Throughout the decades since the demise of the Code, films have signaled the slide from reverence for biblical principles and an embrace of concepts that too often debase the culture. Examples.
Crime
Then: The Asphalt Jungle (1950). This heist caper gone wrong is as much a character study as a suspense adventure. Intense, with realistic situations and dialogue, yet it contains absolutely no obscenity and the criminals pay a price.
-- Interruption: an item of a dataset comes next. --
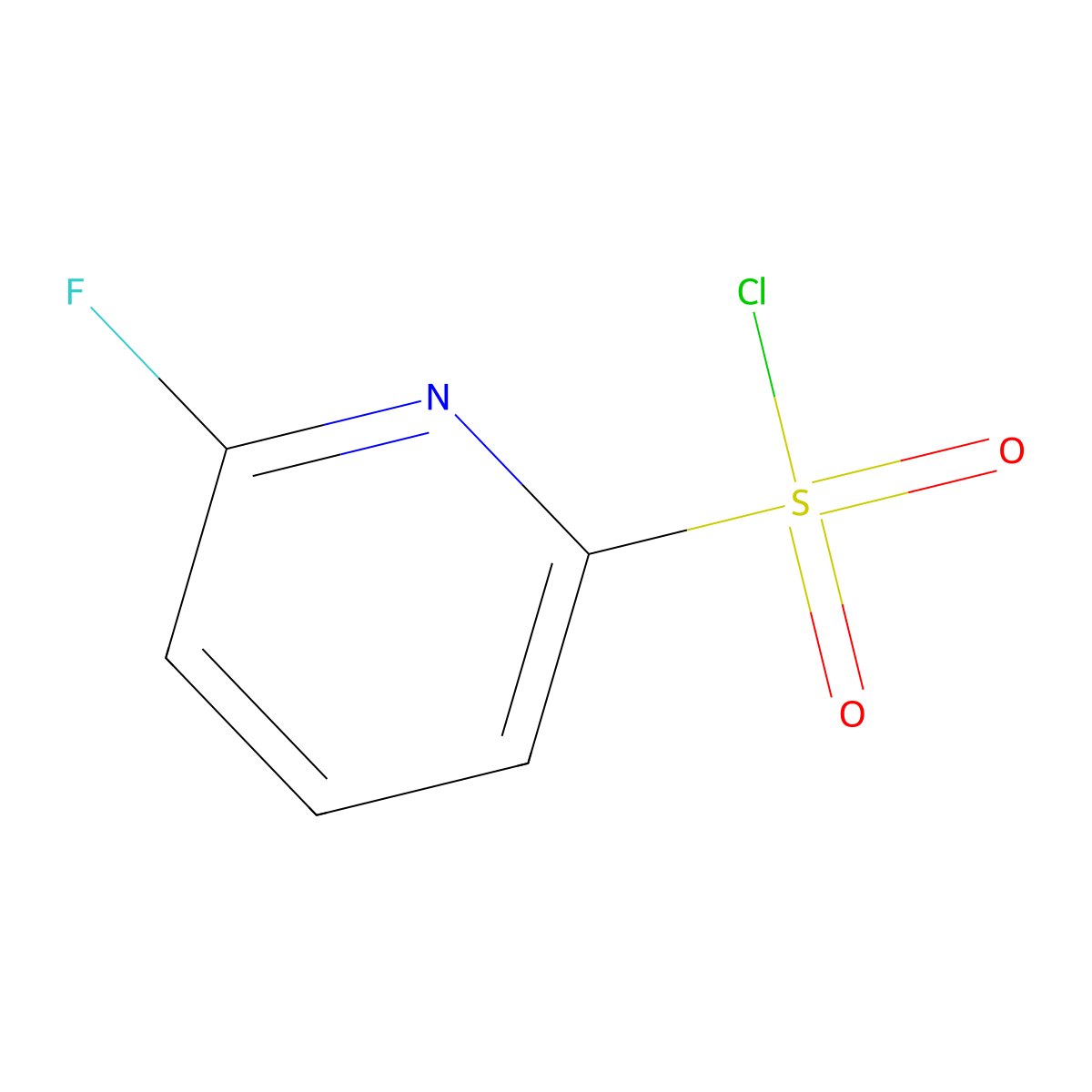 6-Fluoropyridine-2-sulfonyl chloride molecular structure, CAS 128583-07-3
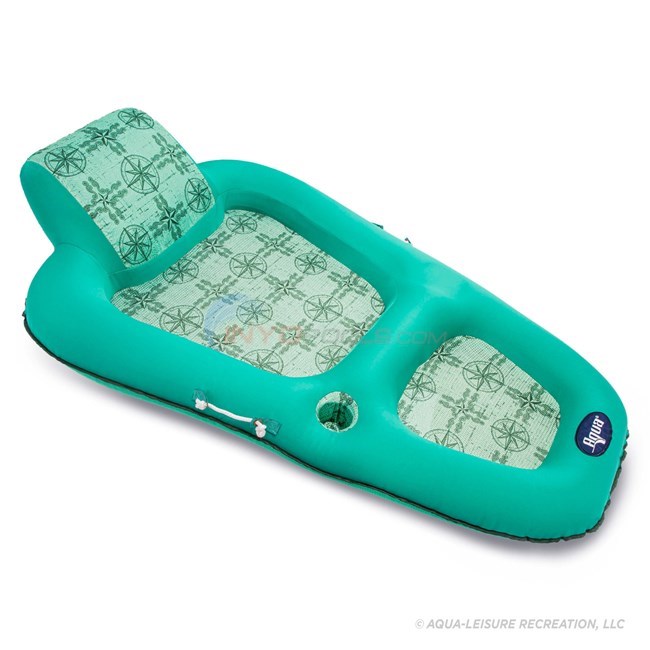 Aqua Leisure Aqua Luxury Water Lounge - Backrest & Footrest, Teal Compass - AZL4029S1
Now: American Hustle. The acting is so good in this tale of a con artist drafted into a sting operation by the FBI that many tended to overlook its crude and deleterious abuses. Seventy uses of the f-word alone pepper the players’ speech patterns, along with ten profane uses of God’s name. I could find no moral compass worth the cacophony of verbal and visual abuses I had just sat through. Name me a crime film from this decade that doesn’t contain the same abusive content.
Family Life
Then: Father of the Bride (1950). Spencer Tracy starred in this sensitive, often hilarious look at a father dealing with his daughter’s upcoming nuptials. The comedy stemmed from human behavior, not the more common bathroom humor of today.
Now: August Osage County and Nebraska, were both recent Oscar contenders, and both concerned the kind of dysfunctional families one might find inhabiting a Tennessee Williams play, only amped up with enough invective exclamation to cause a sailor’s ears to bleed.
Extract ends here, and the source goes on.